▶ **REQUIRED ACTION**: Exactly the lines starting at the line containing "Gemeindeverwaltungsverband Plochingen to" and ending at the line containing "3 Pack Clip" are to be written out from the listing below, both included.

▶ **MATERIAL PROVIDED**:
Content starts
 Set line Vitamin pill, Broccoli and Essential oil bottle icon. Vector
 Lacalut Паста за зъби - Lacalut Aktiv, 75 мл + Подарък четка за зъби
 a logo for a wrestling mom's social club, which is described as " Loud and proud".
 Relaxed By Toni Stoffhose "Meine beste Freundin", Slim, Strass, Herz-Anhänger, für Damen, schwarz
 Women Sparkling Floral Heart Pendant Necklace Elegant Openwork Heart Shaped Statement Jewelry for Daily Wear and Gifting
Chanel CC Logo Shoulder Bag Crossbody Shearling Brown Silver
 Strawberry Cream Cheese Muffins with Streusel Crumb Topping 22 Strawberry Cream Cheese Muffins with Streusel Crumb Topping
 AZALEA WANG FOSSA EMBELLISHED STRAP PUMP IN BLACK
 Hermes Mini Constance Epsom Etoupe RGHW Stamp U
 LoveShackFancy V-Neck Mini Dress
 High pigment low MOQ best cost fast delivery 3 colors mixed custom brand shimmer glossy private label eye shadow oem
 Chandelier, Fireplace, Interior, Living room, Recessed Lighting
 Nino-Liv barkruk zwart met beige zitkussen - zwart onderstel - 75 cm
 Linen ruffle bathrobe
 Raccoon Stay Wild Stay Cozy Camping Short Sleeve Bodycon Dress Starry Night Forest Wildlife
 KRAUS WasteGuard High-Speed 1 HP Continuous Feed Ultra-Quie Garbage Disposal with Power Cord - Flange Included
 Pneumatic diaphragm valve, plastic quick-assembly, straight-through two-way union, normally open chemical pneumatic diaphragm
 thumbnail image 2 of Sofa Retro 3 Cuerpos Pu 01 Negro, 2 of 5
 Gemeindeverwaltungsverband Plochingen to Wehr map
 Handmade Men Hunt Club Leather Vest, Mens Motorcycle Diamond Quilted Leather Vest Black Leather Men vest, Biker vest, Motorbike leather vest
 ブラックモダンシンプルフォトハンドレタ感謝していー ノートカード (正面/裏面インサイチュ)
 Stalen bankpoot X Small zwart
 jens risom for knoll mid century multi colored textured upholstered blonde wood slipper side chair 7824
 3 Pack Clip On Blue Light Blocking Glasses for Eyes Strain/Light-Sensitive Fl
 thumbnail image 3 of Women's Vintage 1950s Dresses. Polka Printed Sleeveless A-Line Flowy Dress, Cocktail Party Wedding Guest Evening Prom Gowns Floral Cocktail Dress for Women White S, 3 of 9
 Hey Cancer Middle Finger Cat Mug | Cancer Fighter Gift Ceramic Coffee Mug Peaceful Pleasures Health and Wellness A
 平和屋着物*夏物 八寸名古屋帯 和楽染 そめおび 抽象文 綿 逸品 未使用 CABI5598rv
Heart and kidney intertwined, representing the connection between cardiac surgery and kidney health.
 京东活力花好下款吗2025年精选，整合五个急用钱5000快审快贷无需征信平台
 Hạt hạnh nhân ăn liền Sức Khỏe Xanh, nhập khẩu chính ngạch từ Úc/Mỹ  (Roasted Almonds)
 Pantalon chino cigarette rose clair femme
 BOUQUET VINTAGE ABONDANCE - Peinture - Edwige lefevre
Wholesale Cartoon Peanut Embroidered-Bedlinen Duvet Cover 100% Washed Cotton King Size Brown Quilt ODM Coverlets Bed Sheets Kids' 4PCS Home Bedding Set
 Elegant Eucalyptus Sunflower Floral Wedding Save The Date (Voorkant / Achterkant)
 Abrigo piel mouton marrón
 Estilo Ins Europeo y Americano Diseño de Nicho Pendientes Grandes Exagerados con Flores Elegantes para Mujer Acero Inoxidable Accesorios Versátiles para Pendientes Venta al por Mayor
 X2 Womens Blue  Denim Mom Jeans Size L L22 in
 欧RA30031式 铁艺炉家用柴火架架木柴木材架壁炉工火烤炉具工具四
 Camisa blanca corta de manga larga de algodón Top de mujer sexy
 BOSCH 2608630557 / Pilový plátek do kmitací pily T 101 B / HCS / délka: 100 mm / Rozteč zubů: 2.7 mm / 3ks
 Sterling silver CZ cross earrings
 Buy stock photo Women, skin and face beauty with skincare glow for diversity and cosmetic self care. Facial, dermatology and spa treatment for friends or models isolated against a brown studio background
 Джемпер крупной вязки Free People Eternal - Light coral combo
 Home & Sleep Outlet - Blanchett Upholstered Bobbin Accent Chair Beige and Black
Content ends
▶ **RESULT OF THIS TASK**:
 Gemeindeverwaltungsverband Plochingen to Wehr map
 Handmade Men Hunt Club Leather Vest, Mens Motorcycle Diamond Quilted Leather Vest Black Leather Men vest, Biker vest, Motorbike leather vest
 ブラックモダンシンプルフォトハンドレタ感謝していー ノートカード (正面/裏面インサイチュ)
 Stalen bankpoot X Small zwart
 jens risom for knoll mid century multi colored textured upholstered blonde wood slipper side chair 7824
 3 Pack Clip On Blue Light Blocking Glasses for Eyes Strain/Light-Sensitive Fl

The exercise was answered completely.